One short and intense period of daily exercise is the best way to beat heart disease, according to an article published in the journal JAMA.
Researchers from Radboud University in the Netherlands compared the effects of different exercise regimes with rates of heart disease and mortality.
They found that the ‘lowest effective dose’ appeared to be 15 minutes of moderate exercise a day, which was associated with reduced death from multiple causes, according to multiple studies.
For those wishing to exercise at higher intensities, eight minutes a day appears to be the magic number, with considerable reduced mortality observed. Moderate exercise includes walking or cycling and higher intensity includes running or rowing.
More intense exercise is associated with a greater degree of benefit, but lower intensities are of considerable benefit too.

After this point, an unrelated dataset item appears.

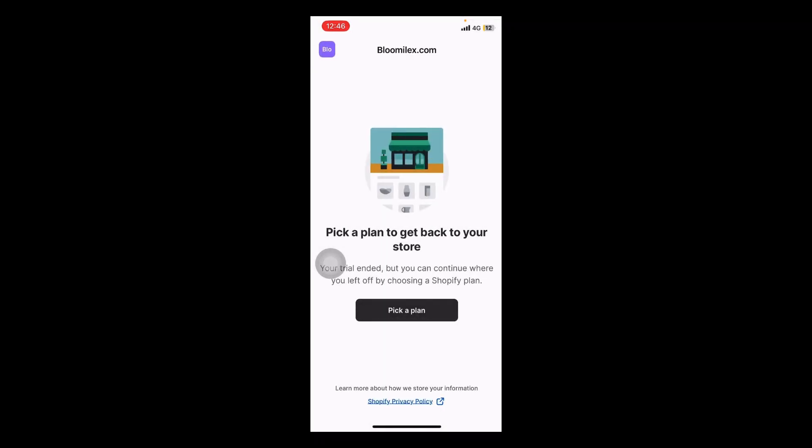If you have any further questions about Shopify, please let me know down below in the comments. Like, subscribe, and see you in the next one.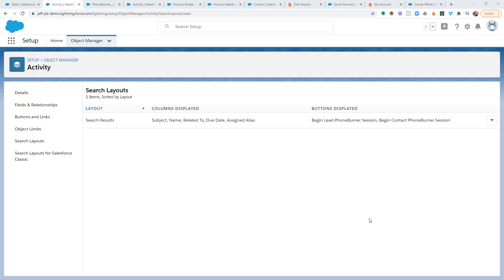Hello, thank you for taking a moment to watch this video. In this training, we're going to talk about how you can initiate a PhoneBurner dial session from the task object within your Salesforce org.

Dr Thijs Eijsvogels, lead author, said that while a small amount of exercise was all that was required for good health, there was no harm in doing more.

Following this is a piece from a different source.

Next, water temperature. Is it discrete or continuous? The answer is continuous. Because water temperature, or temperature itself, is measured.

‘We agree that any dose of exercise is better than physical inactivity and did not intend to discourage individuals from pursuing more exercise,’ he said.
‘Performance of vigorous exercise is an effective way to reduce the risk for cardiovascular morbidity and mortality.

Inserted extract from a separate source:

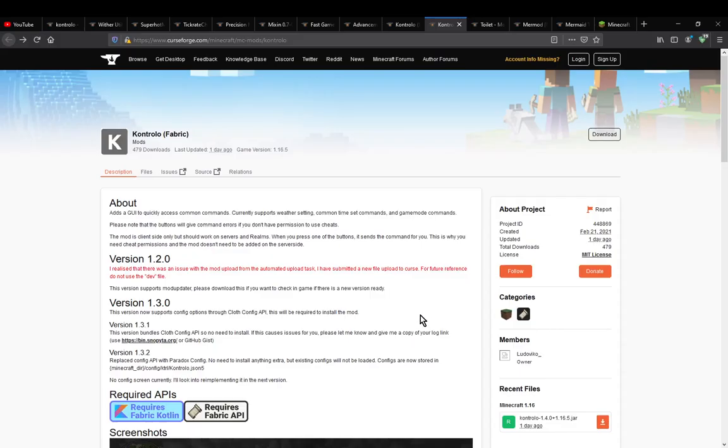Hello everyone, welcome to another mod overview, this time on Controllo.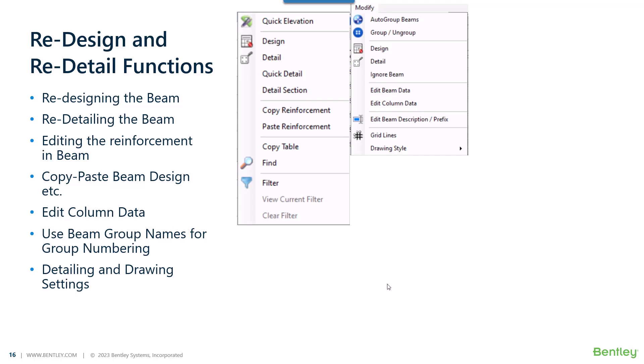In this last part of the session, we will cover some of the redesign and re-detailing functionalities, like how we can use the design option to change some of the design parameters and perform the design of the entire group of beams again.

‘However, the dose-response relationship between exercise and cardiovascular health appears to be different for moderate-intensity vs vigorous-intensity activities.’
Exercise is associated with reduced risk of cardiovascular disease, obesity, cancer, dementia and diabetes; multiple studies have suggested that the degree of exercise and benefit are proportional up to a point, after which excessive exercise in healthy people does not appear to alter mortality risks, though in patients with cardiovascular disease, higher rates of death are seen. The American College of Cardiology and other health bodies have defined the recommended exercise intensity for that high-risk group.